The counterfeiters had a network of more than 50 factories in China, Hong Kong and Taiwan. Posing as NEC, the pirates used the factories to produce fake NEC products, and even developed entirely new product ranges under the NEC brand name. Indeed, some of the factors that tipped off the real NEC included receiving complaints about products that they had never made or provided warranties for. –Imagine getting a call complaining about your square doughnuts when you’ve only ever made round doughnuts!

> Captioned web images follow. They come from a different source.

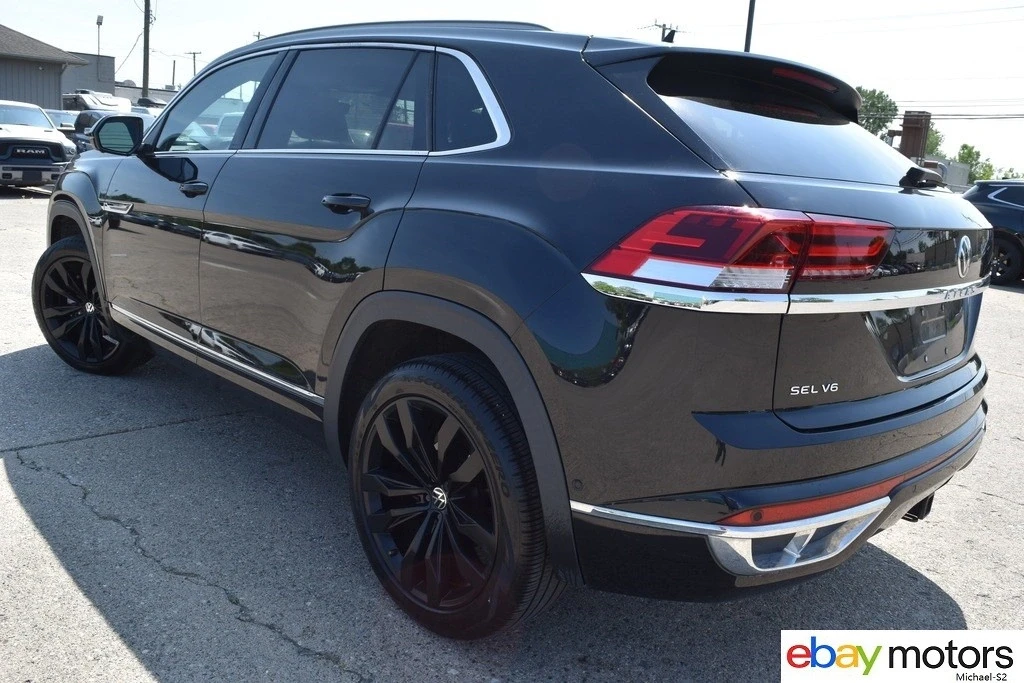 2022 Volkswagen Atlas - Image 7 of 21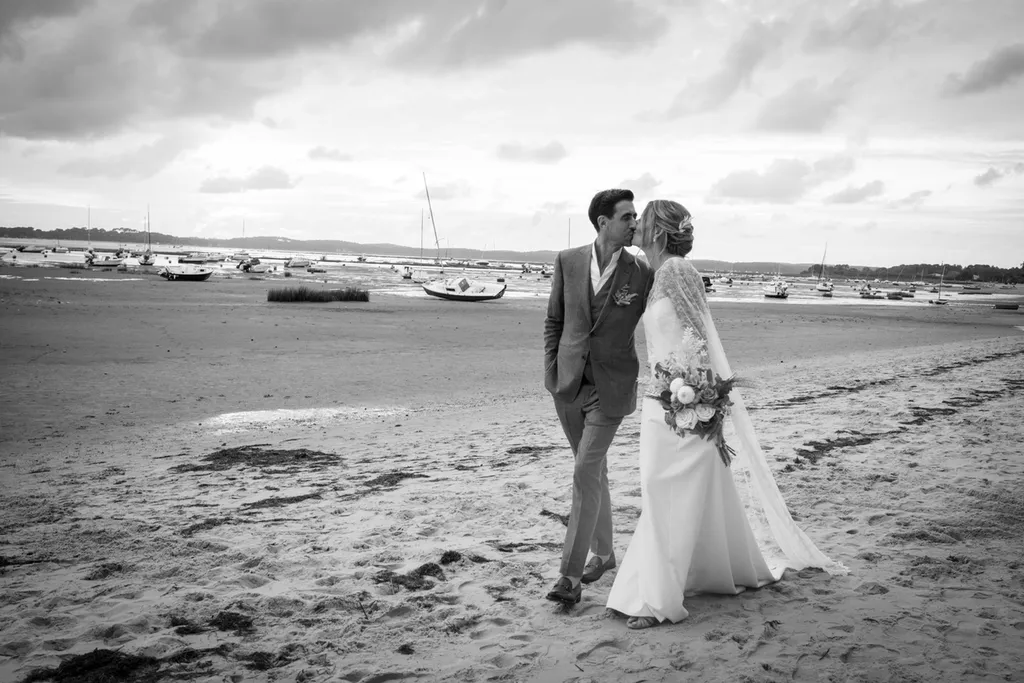 Wedding planner à Bordeaux et sur le Bassin d’Arcachon : organiser un mariage élégant et sans stress avec Les Mariages de Mademoiselle L - Crédit photo Cap90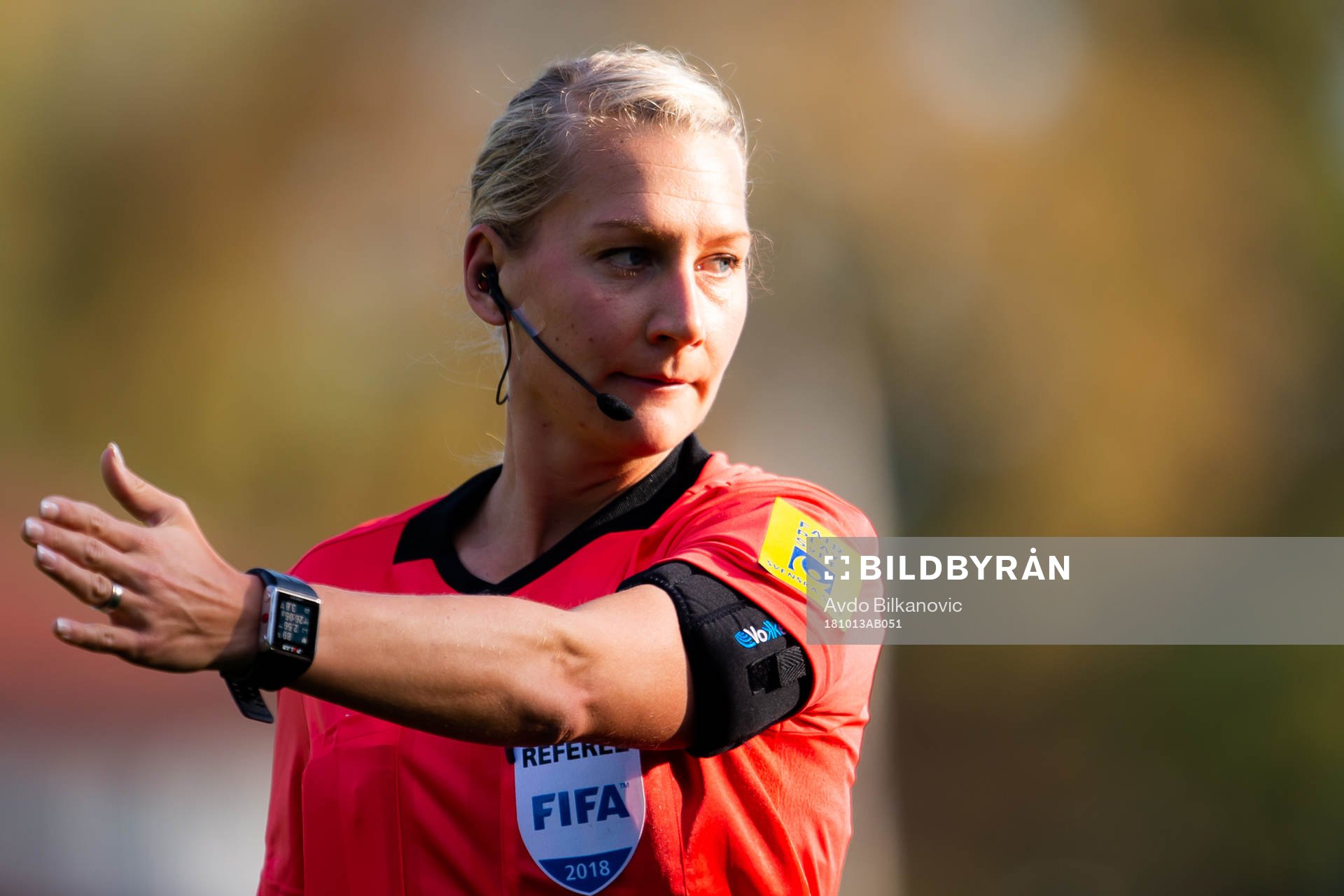 Domare Tess Olofsson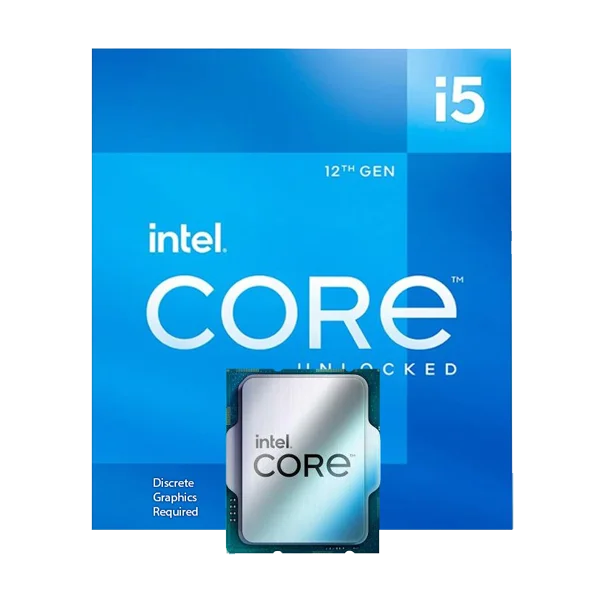 i5-12400F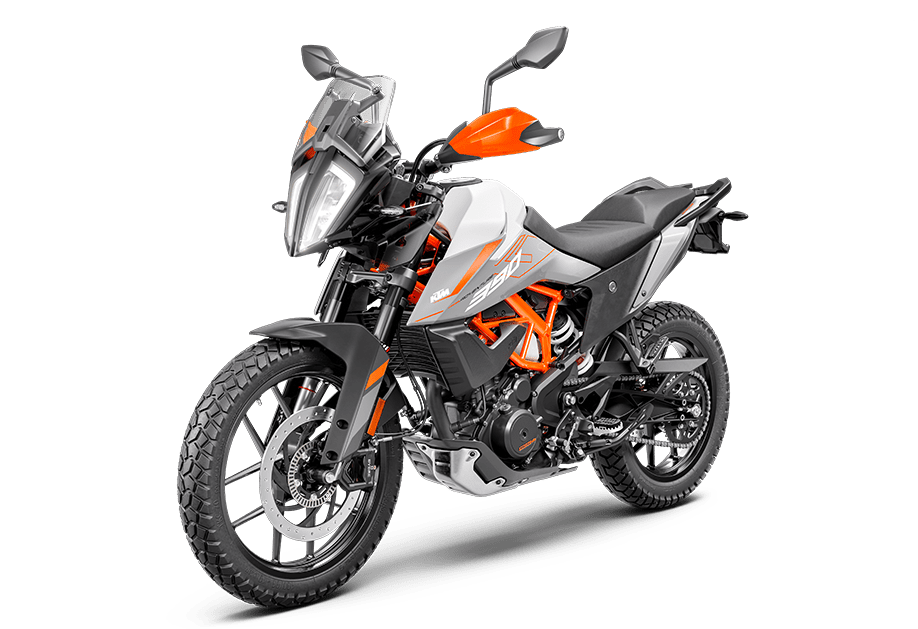 Moto KTM  2024 390 Adventure Bergamo Pronta Consegna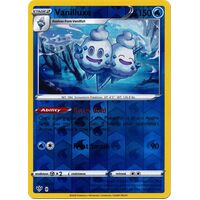 Vanilluxe 47/189 SWSH Darkness Ablaze Reverse Holo Rare Pokemon Card NEAR MINT TCG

The IHT article also notes that the factories involved cannot necessarily be blamed; many of them believed they were dealing with the real NEC. They even paid royalties to the fake NEC for the rights to produce “licensed” products. In return, they received bogus paperwork certifying them as authorized partners/licensees so they had no reason to suspect otherwise. Additionally, while the counterfeiting occurs in China, in many cases, the person or organization placing and funding the orders is not in China.